Yicheng Zhan^1,*	Xiangjun Gao^2,*	Long Quan²	Kaan Akşit¹

¹University College London, ²Hong Kong University of Science and Technology (HKUST)

^*Equal Contribution

European Conference on Computer Vision (ECCV) 2026

Resources¶

arXiv Code

Bibtex

@article{zhan2025complexvalued2d,
author = {Zhan, Yicheng and Gao, Xiangjun and Quan, Long and Ak\c{s}it, Kaan},
title = {Complex-Valued 2D Gaussian Representation for Computer-Generated Holography},
journal = {arXiv preprint arXiv:2511.15022},
year = {2025},
url = {https://arxiv.org/abs/2511.15022},
}

Abstract¶

Holograms are hard to represent, as every pixel carries wave information, and the patterns look like noise.
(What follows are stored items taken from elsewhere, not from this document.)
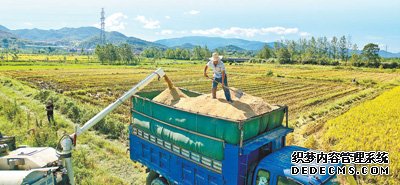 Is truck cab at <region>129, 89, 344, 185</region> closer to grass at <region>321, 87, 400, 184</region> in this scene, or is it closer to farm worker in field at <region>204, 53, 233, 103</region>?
farm worker in field at <region>204, 53, 233, 103</region>

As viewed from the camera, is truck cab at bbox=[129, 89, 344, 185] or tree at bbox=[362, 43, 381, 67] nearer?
truck cab at bbox=[129, 89, 344, 185]

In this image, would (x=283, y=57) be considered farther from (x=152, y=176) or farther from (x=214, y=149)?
(x=214, y=149)

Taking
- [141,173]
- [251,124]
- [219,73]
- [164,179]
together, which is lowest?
[141,173]

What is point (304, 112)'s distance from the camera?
23781mm

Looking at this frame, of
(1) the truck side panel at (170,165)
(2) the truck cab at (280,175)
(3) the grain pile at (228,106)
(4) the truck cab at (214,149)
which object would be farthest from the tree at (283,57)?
(2) the truck cab at (280,175)

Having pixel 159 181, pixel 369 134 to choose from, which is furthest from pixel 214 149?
pixel 369 134

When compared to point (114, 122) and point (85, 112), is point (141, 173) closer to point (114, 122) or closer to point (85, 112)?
point (114, 122)

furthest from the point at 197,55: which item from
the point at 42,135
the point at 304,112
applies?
the point at 42,135

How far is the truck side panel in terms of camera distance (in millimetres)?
7336

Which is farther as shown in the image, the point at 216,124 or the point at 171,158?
the point at 171,158

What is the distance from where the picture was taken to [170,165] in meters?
8.33

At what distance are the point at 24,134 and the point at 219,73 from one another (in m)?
10.8

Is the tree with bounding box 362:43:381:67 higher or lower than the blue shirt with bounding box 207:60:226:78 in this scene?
higher

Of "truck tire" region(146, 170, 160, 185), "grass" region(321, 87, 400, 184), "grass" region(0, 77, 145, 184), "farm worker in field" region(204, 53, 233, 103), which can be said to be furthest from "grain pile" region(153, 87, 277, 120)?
"grass" region(321, 87, 400, 184) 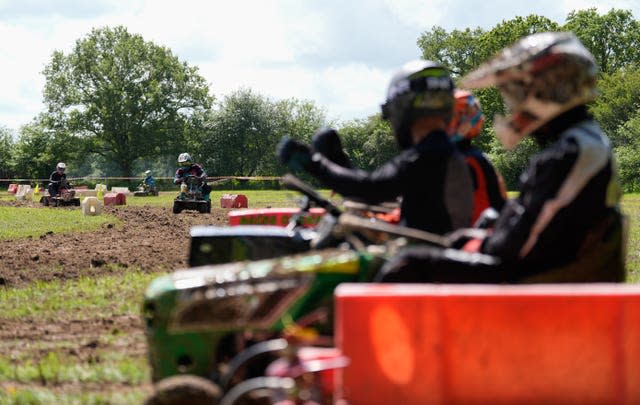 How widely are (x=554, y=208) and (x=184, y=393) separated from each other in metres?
1.77

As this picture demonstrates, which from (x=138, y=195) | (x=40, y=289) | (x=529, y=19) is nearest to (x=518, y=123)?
(x=40, y=289)

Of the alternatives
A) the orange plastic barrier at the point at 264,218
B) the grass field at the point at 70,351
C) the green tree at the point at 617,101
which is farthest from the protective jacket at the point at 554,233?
the green tree at the point at 617,101

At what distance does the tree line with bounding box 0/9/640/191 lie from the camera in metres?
84.4

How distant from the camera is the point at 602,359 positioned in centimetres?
371

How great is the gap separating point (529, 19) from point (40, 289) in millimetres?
70014

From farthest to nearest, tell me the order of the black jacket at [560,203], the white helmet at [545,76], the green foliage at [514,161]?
the green foliage at [514,161]
the white helmet at [545,76]
the black jacket at [560,203]

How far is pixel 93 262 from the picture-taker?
13.9 m

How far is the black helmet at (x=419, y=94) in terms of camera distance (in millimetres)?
5301

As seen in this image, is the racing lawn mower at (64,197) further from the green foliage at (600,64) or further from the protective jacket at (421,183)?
the green foliage at (600,64)

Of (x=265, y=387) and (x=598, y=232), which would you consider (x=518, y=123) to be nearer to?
(x=598, y=232)

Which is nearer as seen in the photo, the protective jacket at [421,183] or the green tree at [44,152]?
the protective jacket at [421,183]

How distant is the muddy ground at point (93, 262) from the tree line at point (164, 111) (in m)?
61.7

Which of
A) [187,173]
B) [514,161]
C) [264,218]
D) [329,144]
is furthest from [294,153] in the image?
[514,161]

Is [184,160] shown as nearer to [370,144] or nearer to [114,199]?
[114,199]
We ask whether a hologram can instead be assembled from a few well-chosen building blocks, and answer with the complex-valued 2D Gaussian: a primitive that, following Gabor's theory, packs the most information into the least space and frequency. Optimizing a hologram as a cloud of these primitives shrinks the parameter search space by 5:1, while a differentiable rasterizer paired with a GPU-optimized propagation kernel cuts VRAM by 30% and optimization time by 50%. The result is up to 13 dB higher PSNR than prior Gaussian-based methods and up to 3200× faster rendering, all while matching the quality of state-of-the-art computer-generated holography.

Motivation¶

A photograph records only how bright each point is. A hologram must also capture how light interferes and diffracts, and that extra information turns into dense, high-frequency, seemingly random pixel patterns. Existing image representation methods are insufficient for this task: implicit and autoencoder models smooth away the very detail that defines a hologram, while recent Gaussian-based image models reproduce pixels yet ignore how light actually propagates. We instead describe the hologram with a compact set of complex-valued 2D Gaussians, and fold light propagation directly into optimization, so the representation stays compact and physically grounded.

Method¶

Pipeline¶

A set of complex-valued 2D Gaussians are rasterized into a complex hologram (amplitude and phase), propagated to several depth planes, and compared against RGB+D targets at each focus. Every step is differentiable, so the primitives are learned jointly.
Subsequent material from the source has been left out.